Nicosia, Cyprus — Europe is the market of the future for Cyprus. Turning toward Europe -- and to a lesser extent toward North America -- is not just a sentimental yearning for the highly Westernized island but rather a calculated move based on the maturing of Cypriot farming and manufacturing and economic patterns emerging both to the east and west.
Early in the post-1974 recovery, the Cypriot government oriented exports toward Arab markets. In the mid-1970s these were easier to penetrate than Europe and were just beginning to realize the tremendous boom in income from mushrooming oil prices.
In 1973, only 7.2 percent of Cypriot exports went to Arab countries. But by 1980, 48 percent were sent there, with Saudi Arabia the leading Arab market, followed by Syria, Lebanon, and Libya.
Nevertheless, government economists believe it is important that Cyprus boost exports to the area of greatest current imports. And that is the European Community. As it is, Cyprus imports most of its goods from the EC, with the United Kingdom the prime supplier, followed by Italy and West Germany. Although in dollars total exports to Europe trail those to Arab countries, links westward are to increase.
In 1972, Cyprus signed an association agreement with the EC and began the lengthy -- and trying -- process of mutual trade concessions. It is working toward a customs union with the EC by 1982.
This trend line brings up the question: Is it possible for the small island republic at the eastern end of the Mediterranean to compete with the giants of Europe in the Common Market?
"We believe that Cyprus is much more flexible than most European nations," Georgios Hadjianastassiou, the government planning director, says. "It is able to absorb technology developed elsewhere very quickly and has a highly educated labor force and an excellent geographical location. Since we are a country entirely dependent on exports for growth, we have to act very effectively. And I believe we will."
The enlargement of the EC by the accession of Greece this year is expected to help Cypriot trade interests, says the commerce minister, Constantinos Kittis. But Mr. Kittis believes that initially Cypriot exports (mainly farm output) will "face greater difficulties until Cyprus enters a customs union with the EC, because Greece is a traditional producer and exporter of similar produce."
After the customs union is in place, however, the gradual decrease of import duties on manufactured goods will actually open the way to more Cypriot products appearing in Greece -- a natural marketing development, given cultural and linguistic ties between Greece and Cyprus. Accession of Spain and Portugal, with their high agricultural output, could hurt Cyprus, however.
European nations, says planner Hadjianastassiou, have the technological edge over Cypurs, but "we believe we can advance faster.
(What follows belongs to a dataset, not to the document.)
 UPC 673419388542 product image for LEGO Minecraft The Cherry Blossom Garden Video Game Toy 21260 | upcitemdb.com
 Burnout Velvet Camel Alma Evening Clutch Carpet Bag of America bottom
The manufacturing unit here is small and maneuverable, and our agricultural production is not as fragmented as in Greece.
The Middle East will always be important to Cyprus, but it will not be the future growth area, Mr. Hadjianastassiou says, for several reasons: the drive by Arab governments to become self-sufficient to protect their oil wealth; instability in the region; the "fly full, return empty" problem for cargo haulers that carry exports to the Middle East. For Cyprus, this means marketing finished products primarily in Europe and the socialist bloc and sending skilled Cypriot labor, management, and engineering expertise to the Arab world.
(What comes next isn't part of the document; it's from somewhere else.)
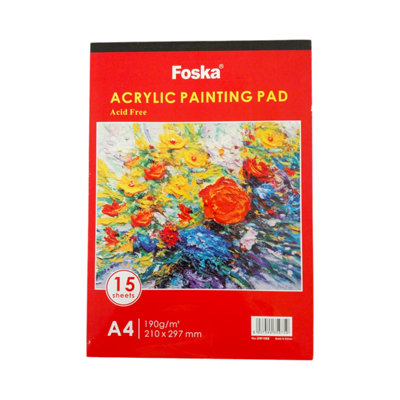  - A4 Top Glued Open Acrylic Painting Pad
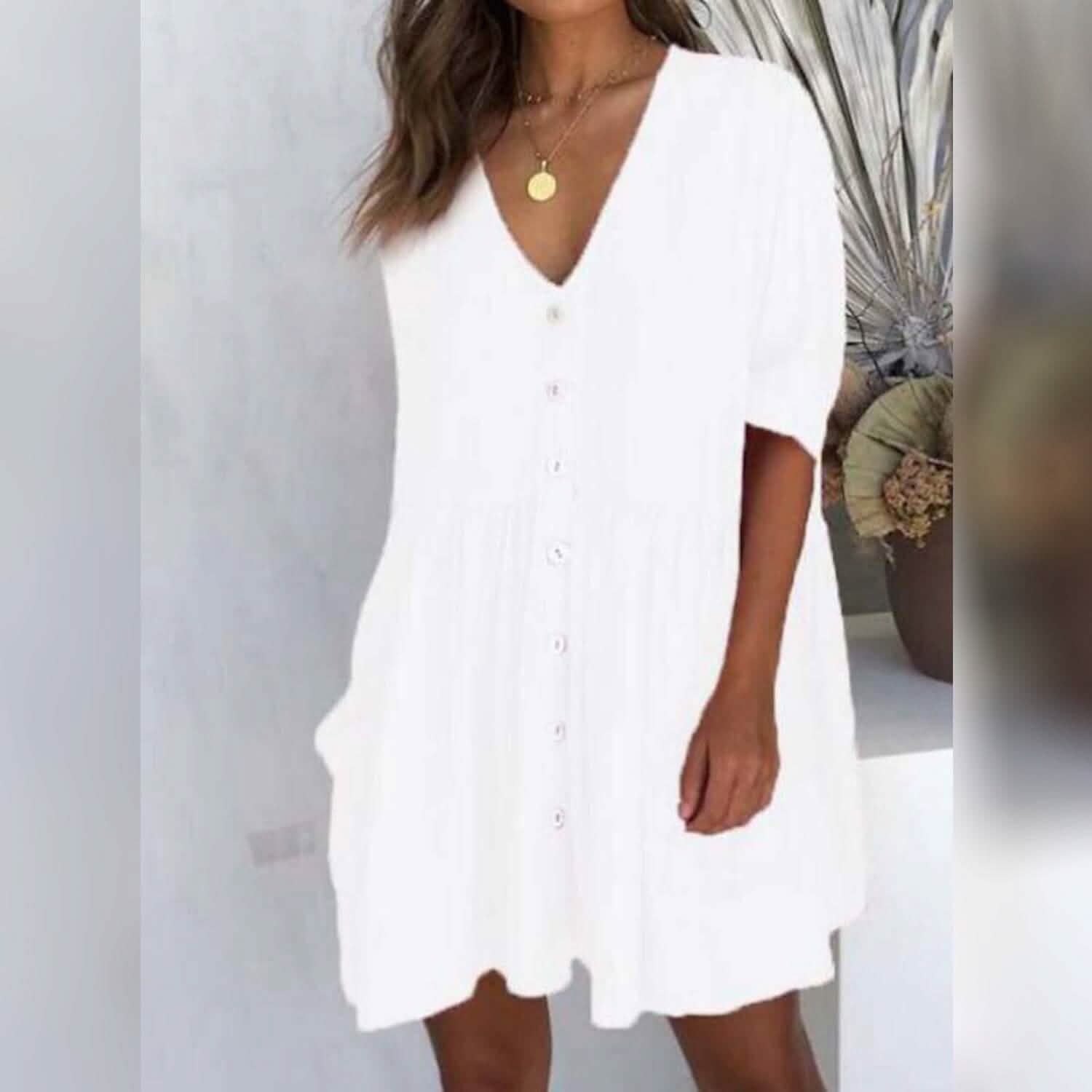 Women's Casual Ruched Loose Fit Dress DailySale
Though traditionally an agricultural country, manufacturing now accounts for 65 percent of total exports. Overseas sales of clothing head the list, followed by cement and footwear. Alcoholic beverages and paper products also have been selling well, although the former will face difficulties in the Common Market and cannot be expected to expand into the largely abstentious Arab world.
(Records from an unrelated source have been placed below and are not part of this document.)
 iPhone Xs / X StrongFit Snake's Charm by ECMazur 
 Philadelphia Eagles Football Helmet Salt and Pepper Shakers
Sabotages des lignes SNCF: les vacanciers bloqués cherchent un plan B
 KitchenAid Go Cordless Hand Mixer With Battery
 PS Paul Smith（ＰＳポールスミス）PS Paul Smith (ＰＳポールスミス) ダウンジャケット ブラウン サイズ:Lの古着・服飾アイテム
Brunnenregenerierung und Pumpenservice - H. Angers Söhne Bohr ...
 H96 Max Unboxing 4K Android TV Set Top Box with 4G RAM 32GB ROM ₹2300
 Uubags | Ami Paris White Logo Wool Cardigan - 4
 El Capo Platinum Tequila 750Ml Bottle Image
In the agricultural area, citrus, carobs, potatoes, vegetables, and table grapes continue to produce income from abroad. The export of iron pyrites, asbestos, and copper is also on the upswing.
For the future, Commerce Minister Kittis is working toward development of greater capital-intensive industries: a meat processing plant, expanded mining operations, fertilizer production, ceramic tiles, and glassware. Meanwhile, he is set on making Cyprus a "way station" between Europe and the Middle East. A new airport is in the works at Paphos. A modern container port at Limassol is exceeding capacity. And studies are being conducted into the feasibility of establishing a dry dock in Cyprus.
"We want to see Cyprus become an area where foreign concerns with know-how and capital marry their interests with the local people and create manufacturing units of a sufficient size to benefit both parties," Kittis says. "Thus we will see a great deal of shipping and airfreighting, more joint ventures, more warehousing operations, and greater user of our free-trade zones."